● Problem description
Using the records below, quote only the span that opens with the line containing "Olive Oil Cartoon" and closes with the line containing "JM Collection Plus", exactly and inclusively.

Stored entries
▽

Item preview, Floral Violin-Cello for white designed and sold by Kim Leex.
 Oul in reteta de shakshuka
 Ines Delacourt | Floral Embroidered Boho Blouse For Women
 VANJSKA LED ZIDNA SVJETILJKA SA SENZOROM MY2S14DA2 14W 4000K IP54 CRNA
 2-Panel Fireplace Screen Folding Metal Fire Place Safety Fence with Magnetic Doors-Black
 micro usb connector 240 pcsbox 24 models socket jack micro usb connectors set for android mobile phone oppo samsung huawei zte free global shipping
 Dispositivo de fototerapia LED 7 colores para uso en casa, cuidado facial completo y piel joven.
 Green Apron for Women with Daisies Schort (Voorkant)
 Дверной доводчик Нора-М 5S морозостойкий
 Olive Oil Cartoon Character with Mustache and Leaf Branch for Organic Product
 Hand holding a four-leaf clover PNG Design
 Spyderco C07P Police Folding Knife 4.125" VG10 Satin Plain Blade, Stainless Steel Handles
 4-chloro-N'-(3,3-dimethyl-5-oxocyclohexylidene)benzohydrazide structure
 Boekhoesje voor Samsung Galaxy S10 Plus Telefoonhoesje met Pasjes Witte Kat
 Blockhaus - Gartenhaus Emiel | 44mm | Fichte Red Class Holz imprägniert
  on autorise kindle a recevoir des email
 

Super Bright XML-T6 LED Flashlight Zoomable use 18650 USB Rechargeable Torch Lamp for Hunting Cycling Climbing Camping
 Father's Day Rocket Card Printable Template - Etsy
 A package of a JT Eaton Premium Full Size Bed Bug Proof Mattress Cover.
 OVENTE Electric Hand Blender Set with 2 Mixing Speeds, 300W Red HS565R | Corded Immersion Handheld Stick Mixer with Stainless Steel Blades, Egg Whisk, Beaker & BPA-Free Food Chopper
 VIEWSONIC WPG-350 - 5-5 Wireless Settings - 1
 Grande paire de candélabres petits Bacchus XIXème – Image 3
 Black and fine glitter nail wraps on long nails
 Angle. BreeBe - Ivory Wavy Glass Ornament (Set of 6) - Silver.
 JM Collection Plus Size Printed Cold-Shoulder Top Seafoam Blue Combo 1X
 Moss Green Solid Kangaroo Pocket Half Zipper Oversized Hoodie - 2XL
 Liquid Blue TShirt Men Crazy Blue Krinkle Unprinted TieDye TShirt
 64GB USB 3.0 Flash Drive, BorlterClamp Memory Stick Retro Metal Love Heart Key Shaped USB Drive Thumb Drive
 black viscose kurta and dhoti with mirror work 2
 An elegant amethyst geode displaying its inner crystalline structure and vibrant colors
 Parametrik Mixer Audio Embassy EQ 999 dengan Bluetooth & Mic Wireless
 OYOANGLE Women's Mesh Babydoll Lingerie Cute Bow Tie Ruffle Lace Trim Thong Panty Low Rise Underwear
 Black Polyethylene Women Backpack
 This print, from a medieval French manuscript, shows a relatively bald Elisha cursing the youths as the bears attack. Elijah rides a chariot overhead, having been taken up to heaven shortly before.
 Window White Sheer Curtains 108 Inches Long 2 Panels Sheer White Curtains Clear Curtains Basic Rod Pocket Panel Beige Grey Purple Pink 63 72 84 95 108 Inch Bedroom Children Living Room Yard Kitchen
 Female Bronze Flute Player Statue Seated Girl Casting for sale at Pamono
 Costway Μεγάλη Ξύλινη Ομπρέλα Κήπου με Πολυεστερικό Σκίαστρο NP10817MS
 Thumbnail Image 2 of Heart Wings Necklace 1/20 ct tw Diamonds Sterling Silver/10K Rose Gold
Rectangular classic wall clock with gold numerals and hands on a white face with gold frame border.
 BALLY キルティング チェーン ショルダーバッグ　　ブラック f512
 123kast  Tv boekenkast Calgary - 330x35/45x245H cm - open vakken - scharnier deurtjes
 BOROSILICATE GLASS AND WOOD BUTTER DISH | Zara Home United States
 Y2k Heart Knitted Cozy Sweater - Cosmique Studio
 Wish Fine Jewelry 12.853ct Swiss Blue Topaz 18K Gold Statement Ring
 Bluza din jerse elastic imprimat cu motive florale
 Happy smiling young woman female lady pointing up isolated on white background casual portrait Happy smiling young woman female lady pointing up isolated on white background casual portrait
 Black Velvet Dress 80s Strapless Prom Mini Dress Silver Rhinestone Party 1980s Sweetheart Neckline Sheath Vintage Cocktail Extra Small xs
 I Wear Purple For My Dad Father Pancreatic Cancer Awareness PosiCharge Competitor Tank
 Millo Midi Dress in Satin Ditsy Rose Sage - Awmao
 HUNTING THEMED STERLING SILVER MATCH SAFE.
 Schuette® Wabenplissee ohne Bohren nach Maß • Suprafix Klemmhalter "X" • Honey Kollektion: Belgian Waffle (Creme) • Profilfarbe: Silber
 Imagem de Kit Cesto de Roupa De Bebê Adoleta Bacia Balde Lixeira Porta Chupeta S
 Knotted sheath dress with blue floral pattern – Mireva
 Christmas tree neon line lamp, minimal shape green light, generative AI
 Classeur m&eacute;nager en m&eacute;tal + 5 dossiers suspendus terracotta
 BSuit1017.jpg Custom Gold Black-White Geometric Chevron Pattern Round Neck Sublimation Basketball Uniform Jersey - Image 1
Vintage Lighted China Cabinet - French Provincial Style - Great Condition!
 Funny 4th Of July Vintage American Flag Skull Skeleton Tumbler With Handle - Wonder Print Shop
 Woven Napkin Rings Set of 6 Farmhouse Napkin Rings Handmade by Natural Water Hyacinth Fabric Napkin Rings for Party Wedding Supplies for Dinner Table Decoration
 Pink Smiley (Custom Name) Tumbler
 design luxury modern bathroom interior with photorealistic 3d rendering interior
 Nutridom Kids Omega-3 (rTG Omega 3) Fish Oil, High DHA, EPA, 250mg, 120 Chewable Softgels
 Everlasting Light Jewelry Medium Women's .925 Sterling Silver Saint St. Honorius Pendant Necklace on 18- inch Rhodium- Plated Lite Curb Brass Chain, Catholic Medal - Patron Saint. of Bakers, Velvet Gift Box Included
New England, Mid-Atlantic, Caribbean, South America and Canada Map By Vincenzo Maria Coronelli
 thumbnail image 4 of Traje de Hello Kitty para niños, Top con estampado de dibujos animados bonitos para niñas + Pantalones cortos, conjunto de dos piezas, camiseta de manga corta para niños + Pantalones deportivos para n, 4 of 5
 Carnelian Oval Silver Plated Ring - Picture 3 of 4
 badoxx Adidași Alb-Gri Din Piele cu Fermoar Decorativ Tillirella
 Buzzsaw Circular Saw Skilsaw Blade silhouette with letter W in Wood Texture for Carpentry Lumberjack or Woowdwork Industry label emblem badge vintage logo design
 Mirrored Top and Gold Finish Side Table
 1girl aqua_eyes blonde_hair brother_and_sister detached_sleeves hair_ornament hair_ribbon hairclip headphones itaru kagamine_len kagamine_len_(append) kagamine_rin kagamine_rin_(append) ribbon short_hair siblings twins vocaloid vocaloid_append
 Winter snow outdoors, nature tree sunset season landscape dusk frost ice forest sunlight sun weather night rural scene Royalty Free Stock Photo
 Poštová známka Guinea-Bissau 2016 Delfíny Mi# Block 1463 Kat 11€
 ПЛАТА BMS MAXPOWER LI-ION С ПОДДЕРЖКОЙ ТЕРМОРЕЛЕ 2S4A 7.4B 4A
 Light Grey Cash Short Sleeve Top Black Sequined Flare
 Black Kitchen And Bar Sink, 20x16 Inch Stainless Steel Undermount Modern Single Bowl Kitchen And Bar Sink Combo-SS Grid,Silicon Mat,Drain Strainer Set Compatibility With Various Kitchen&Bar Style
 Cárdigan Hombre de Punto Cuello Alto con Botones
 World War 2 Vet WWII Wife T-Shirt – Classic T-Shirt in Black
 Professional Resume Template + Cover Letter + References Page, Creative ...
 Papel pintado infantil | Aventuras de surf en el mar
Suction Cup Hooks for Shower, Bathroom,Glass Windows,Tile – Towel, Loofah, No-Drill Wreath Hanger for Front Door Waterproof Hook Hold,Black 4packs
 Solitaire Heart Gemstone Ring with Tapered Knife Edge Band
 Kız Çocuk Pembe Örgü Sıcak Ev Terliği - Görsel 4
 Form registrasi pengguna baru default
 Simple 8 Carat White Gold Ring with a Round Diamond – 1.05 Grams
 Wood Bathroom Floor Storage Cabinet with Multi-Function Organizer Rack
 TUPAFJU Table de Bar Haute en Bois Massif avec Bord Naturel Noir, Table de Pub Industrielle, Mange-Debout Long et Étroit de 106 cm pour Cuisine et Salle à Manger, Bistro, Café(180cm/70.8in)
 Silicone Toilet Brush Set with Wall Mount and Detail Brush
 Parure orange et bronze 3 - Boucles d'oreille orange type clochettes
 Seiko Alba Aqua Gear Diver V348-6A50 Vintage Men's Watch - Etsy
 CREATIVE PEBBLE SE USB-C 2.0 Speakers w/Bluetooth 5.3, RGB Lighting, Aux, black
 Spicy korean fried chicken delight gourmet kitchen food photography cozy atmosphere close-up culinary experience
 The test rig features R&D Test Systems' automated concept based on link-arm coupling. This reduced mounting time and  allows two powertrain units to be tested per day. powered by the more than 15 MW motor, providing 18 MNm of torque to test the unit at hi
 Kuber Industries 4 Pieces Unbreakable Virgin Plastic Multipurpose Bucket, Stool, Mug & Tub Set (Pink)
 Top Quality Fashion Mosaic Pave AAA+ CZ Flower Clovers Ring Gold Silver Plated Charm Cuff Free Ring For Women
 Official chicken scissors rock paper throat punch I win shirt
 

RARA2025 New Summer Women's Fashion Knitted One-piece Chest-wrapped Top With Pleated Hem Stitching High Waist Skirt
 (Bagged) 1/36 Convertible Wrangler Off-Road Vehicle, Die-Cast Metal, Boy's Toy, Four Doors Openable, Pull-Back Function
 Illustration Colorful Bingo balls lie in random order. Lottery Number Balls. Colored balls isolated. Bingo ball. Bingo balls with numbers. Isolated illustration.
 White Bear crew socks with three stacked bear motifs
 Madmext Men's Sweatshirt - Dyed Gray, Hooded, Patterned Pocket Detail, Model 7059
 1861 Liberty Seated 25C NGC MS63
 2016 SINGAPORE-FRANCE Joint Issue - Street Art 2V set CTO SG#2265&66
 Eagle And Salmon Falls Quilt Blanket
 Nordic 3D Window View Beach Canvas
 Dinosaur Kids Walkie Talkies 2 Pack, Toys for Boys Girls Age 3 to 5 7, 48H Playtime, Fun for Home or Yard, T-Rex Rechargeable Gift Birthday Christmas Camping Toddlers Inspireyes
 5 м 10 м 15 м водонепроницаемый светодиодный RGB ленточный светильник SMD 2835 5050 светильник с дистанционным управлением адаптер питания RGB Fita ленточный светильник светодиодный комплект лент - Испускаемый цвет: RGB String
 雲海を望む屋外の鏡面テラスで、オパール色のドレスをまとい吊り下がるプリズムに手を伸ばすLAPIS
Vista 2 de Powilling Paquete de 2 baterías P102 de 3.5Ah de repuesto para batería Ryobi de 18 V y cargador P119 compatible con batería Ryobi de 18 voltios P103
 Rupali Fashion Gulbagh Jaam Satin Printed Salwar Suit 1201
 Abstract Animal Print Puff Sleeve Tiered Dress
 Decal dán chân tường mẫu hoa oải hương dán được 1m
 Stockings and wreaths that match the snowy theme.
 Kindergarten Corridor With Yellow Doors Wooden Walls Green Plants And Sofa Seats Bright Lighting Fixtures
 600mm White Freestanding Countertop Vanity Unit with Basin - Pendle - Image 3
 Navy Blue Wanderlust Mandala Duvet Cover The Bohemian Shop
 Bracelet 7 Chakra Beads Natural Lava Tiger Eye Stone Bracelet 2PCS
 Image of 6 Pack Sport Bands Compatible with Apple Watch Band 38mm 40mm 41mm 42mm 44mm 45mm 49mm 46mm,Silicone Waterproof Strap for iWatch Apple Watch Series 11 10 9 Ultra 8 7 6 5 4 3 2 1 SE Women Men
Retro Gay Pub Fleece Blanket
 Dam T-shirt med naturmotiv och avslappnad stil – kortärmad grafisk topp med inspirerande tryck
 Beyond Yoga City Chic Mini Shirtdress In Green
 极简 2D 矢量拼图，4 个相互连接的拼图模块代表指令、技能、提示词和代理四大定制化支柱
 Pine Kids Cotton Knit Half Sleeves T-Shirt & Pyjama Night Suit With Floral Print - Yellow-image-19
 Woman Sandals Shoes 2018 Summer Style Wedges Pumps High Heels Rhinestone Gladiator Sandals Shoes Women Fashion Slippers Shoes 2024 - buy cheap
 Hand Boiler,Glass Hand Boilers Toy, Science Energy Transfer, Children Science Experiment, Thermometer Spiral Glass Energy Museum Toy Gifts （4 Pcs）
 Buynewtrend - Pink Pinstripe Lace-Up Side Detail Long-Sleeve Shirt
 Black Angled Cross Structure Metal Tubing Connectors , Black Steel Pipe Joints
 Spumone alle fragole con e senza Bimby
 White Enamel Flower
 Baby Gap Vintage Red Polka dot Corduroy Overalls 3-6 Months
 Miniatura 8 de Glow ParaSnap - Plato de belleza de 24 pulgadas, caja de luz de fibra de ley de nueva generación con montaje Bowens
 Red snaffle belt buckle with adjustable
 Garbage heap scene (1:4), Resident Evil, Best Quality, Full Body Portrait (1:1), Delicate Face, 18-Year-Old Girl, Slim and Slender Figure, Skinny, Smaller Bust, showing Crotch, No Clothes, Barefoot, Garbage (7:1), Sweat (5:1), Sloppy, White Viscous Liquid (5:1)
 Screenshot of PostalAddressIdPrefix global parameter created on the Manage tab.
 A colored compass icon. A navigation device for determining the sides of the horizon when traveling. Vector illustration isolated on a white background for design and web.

△

● Solution for this task
 Olive Oil Cartoon Character with Mustache and Leaf Branch for Organic Product
 Hand holding a four-leaf clover PNG Design
 Spyderco C07P Police Folding Knife 4.125" VG10 Satin Plain Blade, Stainless Steel Handles
 4-chloro-N'-(3,3-dimethyl-5-oxocyclohexylidene)benzohydrazide structure
 Boekhoesje voor Samsung Galaxy S10 Plus Telefoonhoesje met Pasjes Witte Kat
 Blockhaus - Gartenhaus Emiel | 44mm | Fichte Red Class Holz imprägniert
  on autorise kindle a recevoir des email
 

Super Bright XML-T6 LED Flashlight Zoomable use 18650 USB Rechargeable Torch Lamp for Hunting Cycling Climbing Camping
 Father's Day Rocket Card Printable Template - Etsy
 A package of a JT Eaton Premium Full Size Bed Bug Proof Mattress Cover.
 OVENTE Electric Hand Blender Set with 2 Mixing Speeds, 300W Red HS565R | Corded Immersion Handheld Stick Mixer with Stainless Steel Blades, Egg Whisk, Beaker & BPA-Free Food Chopper
 VIEWSONIC WPG-350 - 5-5 Wireless Settings - 1
 Grande paire de candélabres petits Bacchus XIXème – Image 3
 Black and fine glitter nail wraps on long nails
 Angle. BreeBe - Ivory Wavy Glass Ornament (Set of 6) - Silver.
 JM Collection Plus Size Printed Cold-Shoulder Top Seafoam Blue Combo 1X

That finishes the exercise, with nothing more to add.